Goal of the exercise: Every line below between the line holding "Appartement à ANNECY" and the line holding "Apartment Hermoso/Lujoso Apartamento", inclusive, should be repeated exactly, and all other lines omitted.

Given entries:
++++

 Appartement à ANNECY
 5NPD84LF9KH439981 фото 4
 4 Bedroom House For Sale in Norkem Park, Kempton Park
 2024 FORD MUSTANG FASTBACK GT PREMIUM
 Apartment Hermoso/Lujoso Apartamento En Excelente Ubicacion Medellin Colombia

++++

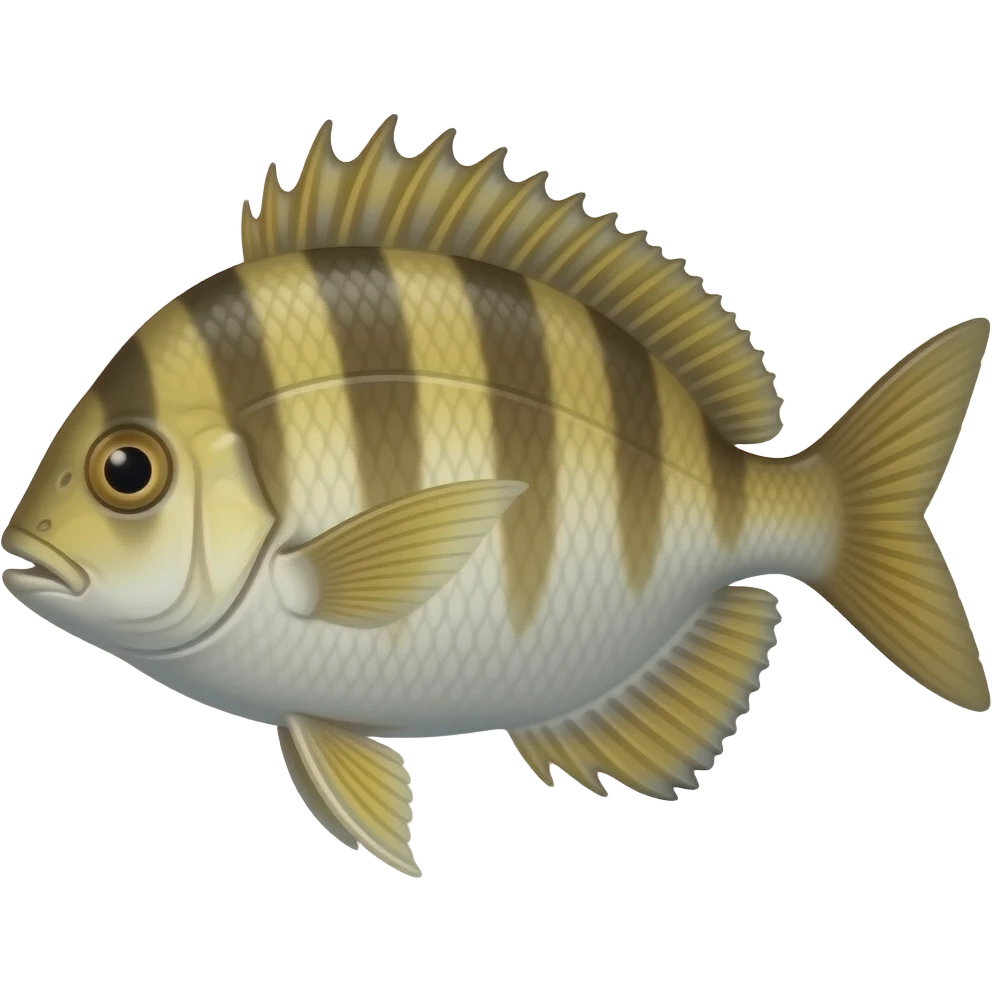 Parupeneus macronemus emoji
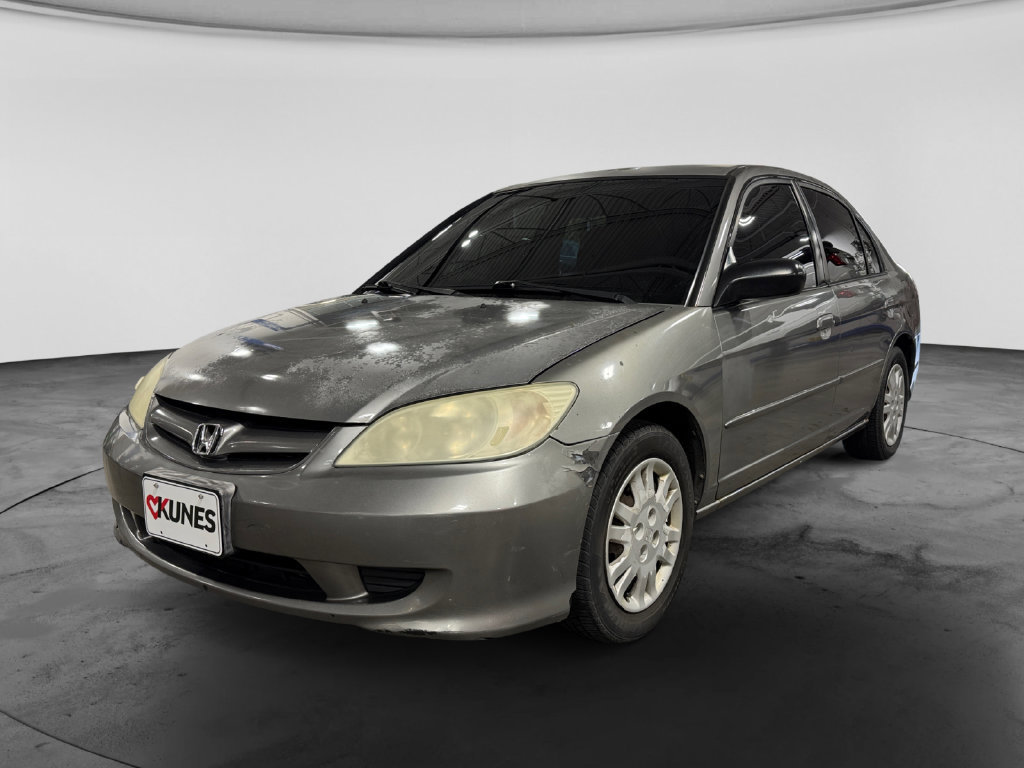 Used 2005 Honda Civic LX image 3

++++

Answer to this exercise:
 Appartement à ANNECY
 5NPD84LF9KH439981 фото 4
 4 Bedroom House For Sale in Norkem Park, Kempton Park
 2024 FORD MUSTANG FASTBACK GT PREMIUM
 Apartment Hermoso/Lujoso Apartamento En Excelente Ubicacion Medellin Colombia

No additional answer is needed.